Many refer to this world — the one in which Gen X grew up — as the neoliberal era, others associate it with globalisation, some identify it with financialisation. It’s all the same thing — the world the Nixon Shock begat and which the 2008 financial crash shook to its foundations. After the 2009 bailouts, although US hegemony continued unabated, it lost much of its dynamism. Today, the Nixon Shock has run out of steam — at least from the perspective of the Trumpists who want to give US hegemony a second (or is it a third?) wind. This is the whole point of the Trump Shock and its masterplan, including tactical moves such as enlisting crypto to their cause.
But there are differences between the two shocks. While both aimed substantially to devalue the dollar, while also strengthening its status of being be the world’s reserve currency, the means were different. The Nixon Shock relied on letting money markets devalue the dollar’s exchange rates, adding further pain to America’s allies through the explosion in the price of oil – which damaged Europe and Japan significantly more than US producers. Trump might be taking a (small-ish) leaf out of Nixon’s book regarding oil prices, but he is trying to make his tariffs do for him what the Volcker-led Federal Reserve used interest rates for: as a weapon that inflicts more pain on European and Asian capitalists than it does on American ones.
The outcome of the Trump Shock will depend on whether it has staying power, for which it will probably need bipartisan support. After all, Nixon’s equivalent worked because president Jimmy Carter appointed Volcker to the Federal Reserve and allowed him to continue the Nixon project unhindered; before president Ronald Reagan turbocharged it further with the help of Alan Greenspan whom he appointed in 1987 to succeed Volcker. Is the US political system still capable of that degree of bipartisanship? It seems unlikely but, then again, who would have imagined that Joe Biden would embrace Trump’s China tariffs and escalate the New Cold War his predecessor started?

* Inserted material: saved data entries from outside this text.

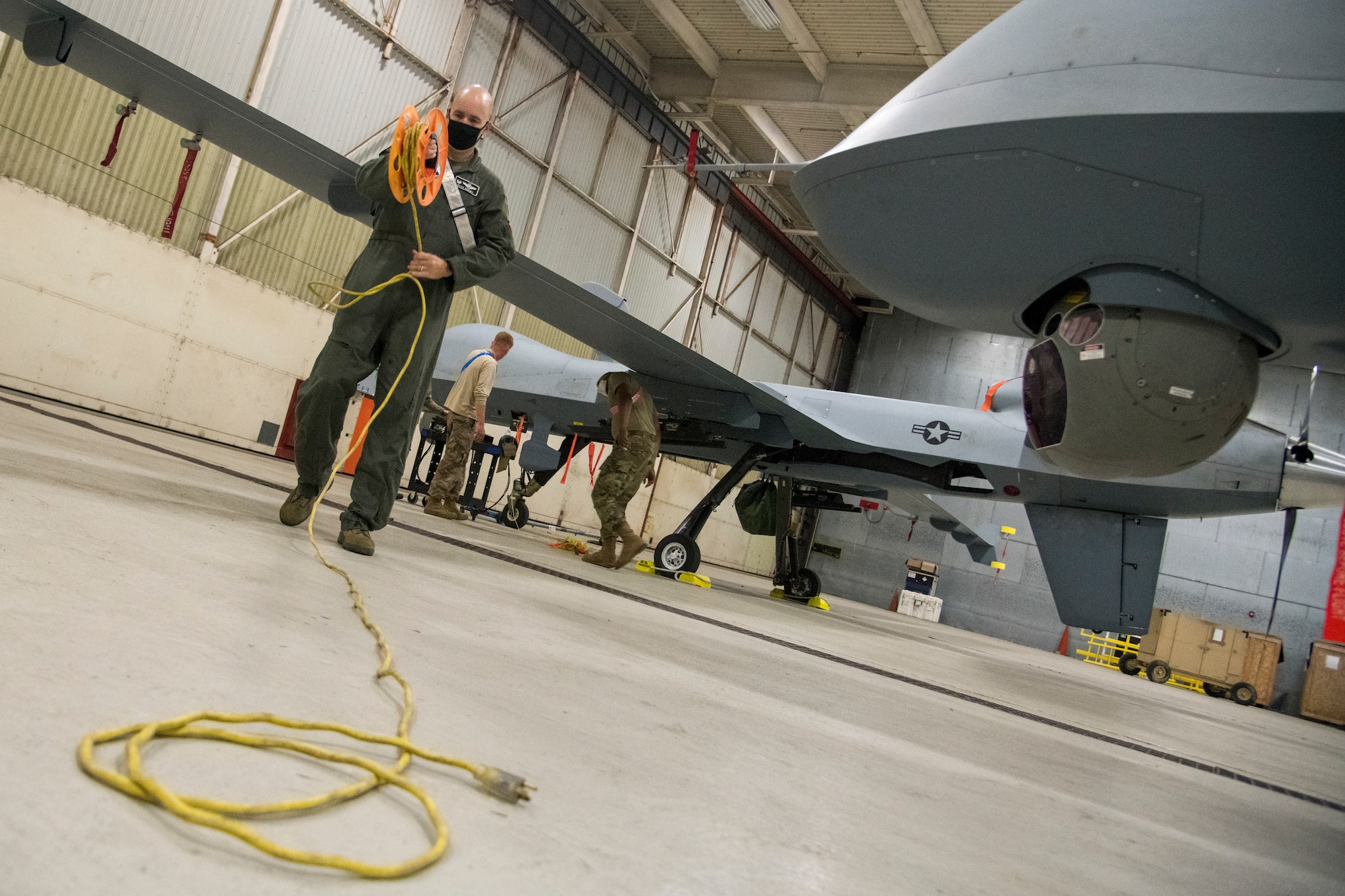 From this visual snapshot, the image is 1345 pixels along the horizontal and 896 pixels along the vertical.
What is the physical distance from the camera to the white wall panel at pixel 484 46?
13.4 m

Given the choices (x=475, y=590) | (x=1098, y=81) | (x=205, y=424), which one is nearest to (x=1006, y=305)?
(x=1098, y=81)

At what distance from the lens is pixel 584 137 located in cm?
1599

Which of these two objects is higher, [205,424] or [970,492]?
[970,492]

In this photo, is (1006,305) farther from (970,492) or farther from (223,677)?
(970,492)

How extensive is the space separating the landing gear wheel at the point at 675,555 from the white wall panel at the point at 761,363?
13816mm

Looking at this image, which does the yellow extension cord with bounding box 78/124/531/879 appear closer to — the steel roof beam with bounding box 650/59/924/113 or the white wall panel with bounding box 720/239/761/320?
the steel roof beam with bounding box 650/59/924/113

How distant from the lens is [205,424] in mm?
11133

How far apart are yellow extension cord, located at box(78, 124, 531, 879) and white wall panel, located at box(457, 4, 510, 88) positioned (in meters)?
13.8

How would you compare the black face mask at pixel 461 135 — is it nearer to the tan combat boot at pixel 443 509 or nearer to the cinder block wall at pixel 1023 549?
the tan combat boot at pixel 443 509

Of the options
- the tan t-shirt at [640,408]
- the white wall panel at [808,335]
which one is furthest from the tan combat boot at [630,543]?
the white wall panel at [808,335]

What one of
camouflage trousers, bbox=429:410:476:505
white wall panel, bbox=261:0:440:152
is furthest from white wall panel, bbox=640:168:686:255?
camouflage trousers, bbox=429:410:476:505

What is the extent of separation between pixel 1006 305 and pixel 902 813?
4.93 feet

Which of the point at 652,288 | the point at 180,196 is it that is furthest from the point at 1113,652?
the point at 180,196

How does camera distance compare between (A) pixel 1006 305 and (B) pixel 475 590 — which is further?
(B) pixel 475 590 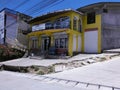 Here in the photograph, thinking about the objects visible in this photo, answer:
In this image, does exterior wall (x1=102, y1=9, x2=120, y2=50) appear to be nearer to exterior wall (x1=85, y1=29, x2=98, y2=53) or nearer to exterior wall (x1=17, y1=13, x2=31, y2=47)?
exterior wall (x1=85, y1=29, x2=98, y2=53)

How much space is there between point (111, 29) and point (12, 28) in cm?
1842

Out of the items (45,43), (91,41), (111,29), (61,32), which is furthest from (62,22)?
(111,29)

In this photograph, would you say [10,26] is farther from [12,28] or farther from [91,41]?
[91,41]

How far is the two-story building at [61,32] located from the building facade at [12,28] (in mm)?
6082

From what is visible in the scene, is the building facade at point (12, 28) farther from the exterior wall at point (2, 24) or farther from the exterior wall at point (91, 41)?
the exterior wall at point (91, 41)

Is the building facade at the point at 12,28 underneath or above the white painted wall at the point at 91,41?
above

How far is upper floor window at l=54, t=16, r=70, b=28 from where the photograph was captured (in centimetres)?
2630

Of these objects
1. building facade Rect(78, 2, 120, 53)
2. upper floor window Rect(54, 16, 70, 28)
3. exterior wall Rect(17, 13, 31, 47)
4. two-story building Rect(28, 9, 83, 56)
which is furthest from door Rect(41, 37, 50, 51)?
exterior wall Rect(17, 13, 31, 47)

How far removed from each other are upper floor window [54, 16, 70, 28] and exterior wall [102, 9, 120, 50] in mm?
4449

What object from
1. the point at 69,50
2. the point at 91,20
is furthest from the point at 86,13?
the point at 69,50

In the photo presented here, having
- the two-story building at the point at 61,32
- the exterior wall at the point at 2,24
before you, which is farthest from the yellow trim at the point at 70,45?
the exterior wall at the point at 2,24

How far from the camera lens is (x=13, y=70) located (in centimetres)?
2002

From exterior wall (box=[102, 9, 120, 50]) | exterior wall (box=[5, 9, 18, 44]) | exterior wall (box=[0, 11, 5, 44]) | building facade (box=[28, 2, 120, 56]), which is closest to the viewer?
building facade (box=[28, 2, 120, 56])

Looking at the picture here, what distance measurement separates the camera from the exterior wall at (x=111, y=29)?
25688 millimetres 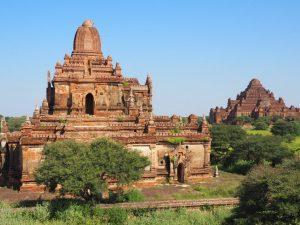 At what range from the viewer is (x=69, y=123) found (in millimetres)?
37031

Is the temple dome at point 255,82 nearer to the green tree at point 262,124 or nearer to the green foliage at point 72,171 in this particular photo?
the green tree at point 262,124

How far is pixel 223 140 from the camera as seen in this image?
61.1 metres

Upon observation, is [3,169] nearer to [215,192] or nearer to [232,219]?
[215,192]

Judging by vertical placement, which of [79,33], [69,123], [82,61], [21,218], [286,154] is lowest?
[21,218]

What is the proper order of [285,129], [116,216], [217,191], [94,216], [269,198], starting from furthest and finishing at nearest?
[285,129] → [217,191] → [94,216] → [116,216] → [269,198]

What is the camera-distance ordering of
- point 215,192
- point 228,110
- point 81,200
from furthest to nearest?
1. point 228,110
2. point 215,192
3. point 81,200

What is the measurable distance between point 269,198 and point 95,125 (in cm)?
2051

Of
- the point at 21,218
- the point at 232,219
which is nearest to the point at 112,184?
the point at 21,218

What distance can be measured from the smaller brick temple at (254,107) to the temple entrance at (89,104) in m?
Result: 90.9

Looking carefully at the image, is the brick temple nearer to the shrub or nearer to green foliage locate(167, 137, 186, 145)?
green foliage locate(167, 137, 186, 145)

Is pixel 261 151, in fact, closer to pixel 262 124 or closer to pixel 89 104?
pixel 89 104

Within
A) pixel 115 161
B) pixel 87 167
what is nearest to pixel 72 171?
pixel 87 167

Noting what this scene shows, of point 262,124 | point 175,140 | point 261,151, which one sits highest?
point 262,124

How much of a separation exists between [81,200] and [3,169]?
11409 mm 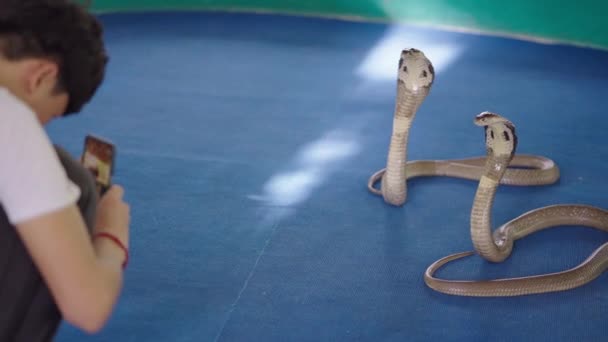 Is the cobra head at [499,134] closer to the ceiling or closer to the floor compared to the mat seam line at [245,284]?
closer to the ceiling

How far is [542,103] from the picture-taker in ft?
13.3

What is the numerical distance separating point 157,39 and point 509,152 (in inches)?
133

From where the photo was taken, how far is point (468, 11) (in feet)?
17.0

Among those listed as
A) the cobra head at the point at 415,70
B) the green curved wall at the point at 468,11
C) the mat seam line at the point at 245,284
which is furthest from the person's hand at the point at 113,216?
the green curved wall at the point at 468,11

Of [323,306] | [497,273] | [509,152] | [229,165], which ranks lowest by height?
[229,165]

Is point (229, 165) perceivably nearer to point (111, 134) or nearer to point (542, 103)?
point (111, 134)

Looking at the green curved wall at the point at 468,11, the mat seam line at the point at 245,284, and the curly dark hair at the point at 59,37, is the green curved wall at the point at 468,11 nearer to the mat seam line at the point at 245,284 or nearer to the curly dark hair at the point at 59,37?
the mat seam line at the point at 245,284

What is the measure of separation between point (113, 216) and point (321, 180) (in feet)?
6.27

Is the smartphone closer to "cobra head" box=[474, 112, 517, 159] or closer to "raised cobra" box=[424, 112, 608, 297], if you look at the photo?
"raised cobra" box=[424, 112, 608, 297]

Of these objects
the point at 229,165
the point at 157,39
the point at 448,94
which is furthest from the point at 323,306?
the point at 157,39

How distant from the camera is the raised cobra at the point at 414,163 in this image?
9.16ft

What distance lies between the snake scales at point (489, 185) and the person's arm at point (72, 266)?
147 centimetres

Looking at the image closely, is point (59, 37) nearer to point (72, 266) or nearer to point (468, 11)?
point (72, 266)

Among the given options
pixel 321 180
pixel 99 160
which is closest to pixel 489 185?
pixel 321 180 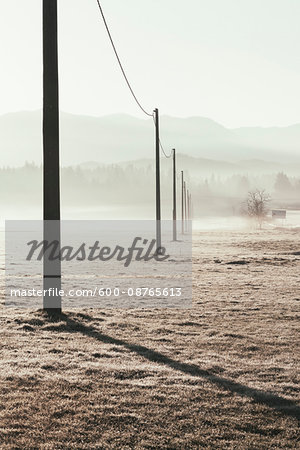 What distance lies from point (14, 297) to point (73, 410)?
347 inches

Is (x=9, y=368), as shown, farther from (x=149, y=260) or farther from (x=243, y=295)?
(x=149, y=260)

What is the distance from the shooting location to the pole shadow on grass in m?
5.99

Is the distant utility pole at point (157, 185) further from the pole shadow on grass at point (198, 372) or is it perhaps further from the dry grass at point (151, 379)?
the pole shadow on grass at point (198, 372)

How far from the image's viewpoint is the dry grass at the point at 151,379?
16.9 ft

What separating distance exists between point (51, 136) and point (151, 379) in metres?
6.23

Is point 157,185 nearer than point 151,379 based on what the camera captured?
No

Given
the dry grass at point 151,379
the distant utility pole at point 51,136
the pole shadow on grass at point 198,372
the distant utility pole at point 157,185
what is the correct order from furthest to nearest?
1. the distant utility pole at point 157,185
2. the distant utility pole at point 51,136
3. the pole shadow on grass at point 198,372
4. the dry grass at point 151,379

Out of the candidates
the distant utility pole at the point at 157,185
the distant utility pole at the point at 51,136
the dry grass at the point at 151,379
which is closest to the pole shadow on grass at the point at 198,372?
the dry grass at the point at 151,379

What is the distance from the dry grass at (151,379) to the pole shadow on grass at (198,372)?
0.05ft

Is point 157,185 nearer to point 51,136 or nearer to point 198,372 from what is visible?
point 51,136

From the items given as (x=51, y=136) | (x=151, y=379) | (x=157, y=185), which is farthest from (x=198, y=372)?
(x=157, y=185)

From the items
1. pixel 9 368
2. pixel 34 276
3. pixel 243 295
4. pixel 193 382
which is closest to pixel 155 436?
pixel 193 382

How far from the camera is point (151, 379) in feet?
22.6

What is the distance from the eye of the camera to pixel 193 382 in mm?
6773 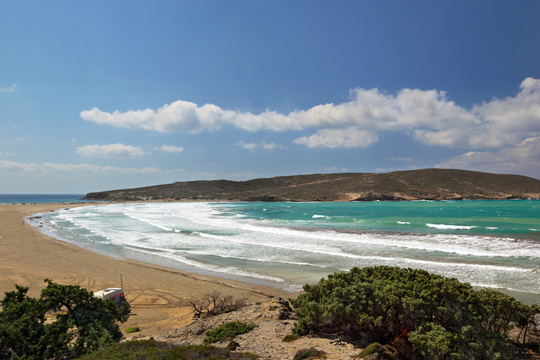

And if the Trump Shock has anything like the success of the Nixon Shock, what will this world look like? Perhaps it is too early to tell, but neoliberalism is already being contested by the technofeudal creed of neoreactionaries such as Peter Thiel. Cloud capital is displacing financial capital and replacing the divine role of the market with the holy grail of the transhuman condition (the merger of cloud capital, AI and the biological individual). Financialisation will soon be under similar pressure. As AI develops, Wall Street will not be able to continue resisting the merging of cloud capital and finance, as seen in Elon Musk’s ambition to turn X into an “everything app”. Such developments will do to payments what the internet did to fax machines, with serious repercussions for financial stability, including any future role for the Federal Reserve. And in place of the dream of a Global Village, we will have the Walled Nation. Nevertheless, that globalisation recedes does not mean that autarky is possible. The Trump Shock is pushing us into a Bisected Planet, one part of it comprising vassal countries that have yielded to the Trump Plan and a second part where the BRICS experiment is allowed to take its course.
Every generation likes to think it is on a cusp of some historic transformation. But ours is cursed enough to actually be on such a cusp. So rather than focusing too much on the character of the man in the White House, we would do well to recall that the Nixon Shock was much more important than Nixon. If Nixon reshaped the world once, leaving it nastier and more unbalanced, Trump can certainly do it again.